- January 18, 2018
- Posted by: Stephen Coleclough
- Category: Tax
- From 1 January tax authorities in the EU will be able to find details of who owns every entity in the EU.
- If the UBO is a trust of foundation outside the EU, then they will still be disclosed.
- How many people living in the UK have undeclared benefits from offshore trusts?
- Unprompted disclosure to HMRC reduces penalties significantly.
Directive 2011/16/EU On Administrative Co-operation Between EU Member States’ Tax Authorities
This Directive permits sharing of tax data, e.g. the price a German group company charges its British one for goods or services, and woe betide the group if they are not the same.
There is nothing particularly new in the sharing of data amongst EU member states – the original Mutual Assistance Directive was drawn up in 1977.
However, from this month, the Directive will also allow member states to exchange data on the ultimate beneficial owner of any EU established entity to another member state’s tax authority.
If HMRC shared every tax file they had with every member state and vice versa, then tax authorities would be deluged, but that is not going to happen.
If you are going to shake the tree, or knock on a door, looking for money, make it a big one.
So, who are the big trees in the UK?
Probably those who pay the big taxes.
Income tax (which is progressive) and national insurance (which due to its structure is regressive) account for £349bn out of the UK Government’s total projected receipts of £769bn, i.e. 45.38%.
There are 29.9m UK income taxpayers (down from 30m).
Of those 29.9m taxpayers, 40% do not pay income tax at all as their income is below the personal allowance threshold.
Of the remaining, 18m taxpayers, 99.9% of these contribute 59% of income tax and basically earn under £160,000 per annum.
Scarily, the top 1% of earners from 0.1%+ to 1% contribute 27% of the bill, (£94bn) and the top 0.1%, i.e. 30,000 people, an average crowd at a Derby County FC match, contribute 14% (£49bn).

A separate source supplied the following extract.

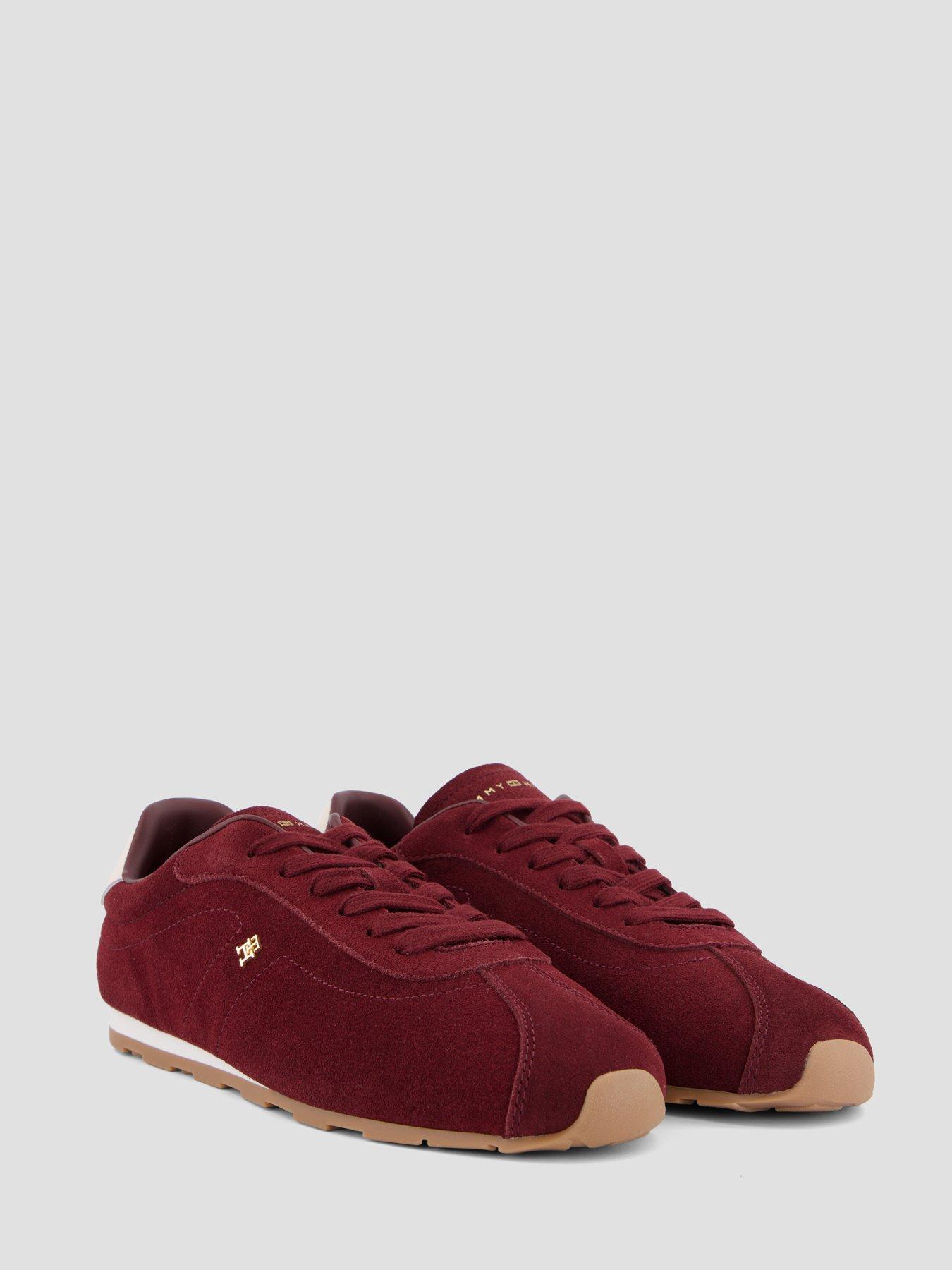 Image 6 of 7 of Tommy Hilfiger Monogram Suede Low Profile Trainers - Red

If you were a business and 41% of your income tax came from 1% of your customer base, you would be very concerned; the usual maxim is 80% of revenue from 20% of your customers.
What about tax havens?
Sticking to offshore benefits received in the UK, it is fair to say that it is highly likely that only people who use tax advisers declare tax under the transfer of assets abroad, or trust gains matching rules.
When I wander around the wealthier parishes of London, I can’t help wondering how many latent matched gains there are, or s.733 benefits which the locals have but are unaware of?
Ignorance is bliss, but HMRC are now in possession of another tool which will help them fill in some more of the blanks, if they have the time and resource.
What, logically, can we expect to happen as a result of Directive 2011/16?
- A lot of activity on high net worth individuals, and checking who “owns” offshore structures such as foundations;
- Possibly migration of some entities out of the EU net, but this is harder than it looks;
- More time invested in examining the tax affairs of large private companies owned by families etc;
- A trawl for anything related to any person who has made use of a disclosure facility (just in case they
- have not made full disclosure, notwithstanding their adviser’s best efforts); and
- Harsh treatment of those who have “irregularities” within their past and have not made a voluntary disclosure to HMRC.
We believe HMRC will continue to use Directive 2011/16, as will the Finanzamts in Germany, AEAT in Spain, Agenzia delle Entrate in Italy and if you Google “what is the tax authority in Poland called?” you get “Tax Office in Poland is called Urząd Skarbowy. One of most disliked places in the universe, at least by some people.”
But who is on the receiving end will be those 5 categories of taxpayer mentioned above.
If you are one, or advise one, then make sure you are up to date with what you need to disclose to HMRC.
The small print
This paper s not a comprehensive review of the law and practice but a selection of items relevant to our client base, who are international, have some UK connection, and often own real estate or online businesses.
This paper is for information only, is NOT intended to be relied upon and is no substitution for advice.